Mrs. Douglas Webster was charged in a bill of information with having committed criminal defamation against Knowles M. Tucker, the District Attorney in and for Iberia Parish, in violation of LRS 14:47. Convicted, and sentenced to pay a fine of $1,000 or (in default of the payment of the fine) to serve sixty days in the parish jail, she has appealed and relies on ten bills of exceptions to obtain a reversal.

.The basis of the charge is a letter which the accused had written to Robert Kennedy, the Attorney General of the United States, wherein she complained of open lawlessness (gambling, prostitution, teen-age drinking and narcotic peddling) in the Parish of Iberia and of collusion among public officials of that governmental subdivision. Specifically, therein, she described an interview with the district attorney (Knowles M. Tucker, stating in part the following: “At the close of the interview, I told him I had talked to men who stated they had paid him for protection while operating a house of prostitution. He, Mr. Tucker, was to notify *142them of a raid so they could be closed. Because of danger to them from either the Sheriff or the Syndicate, I refused to give him their names.
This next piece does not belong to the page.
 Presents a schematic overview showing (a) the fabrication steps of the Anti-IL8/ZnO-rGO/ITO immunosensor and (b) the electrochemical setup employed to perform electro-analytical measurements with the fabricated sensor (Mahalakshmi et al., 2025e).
At this he flew into a rage, called me a very poor citizen, made several other insulting remarks and ordered me out of his office.”

Relying on this quotation, and including it in the bill of information, the state (represented by a district attorney appointed from another judicial district) charged that the accused had issued the letter maliciously and that she had sent copies thereof to various state and federal officials and to certain specified news media, including an Iberia Parish newspaper.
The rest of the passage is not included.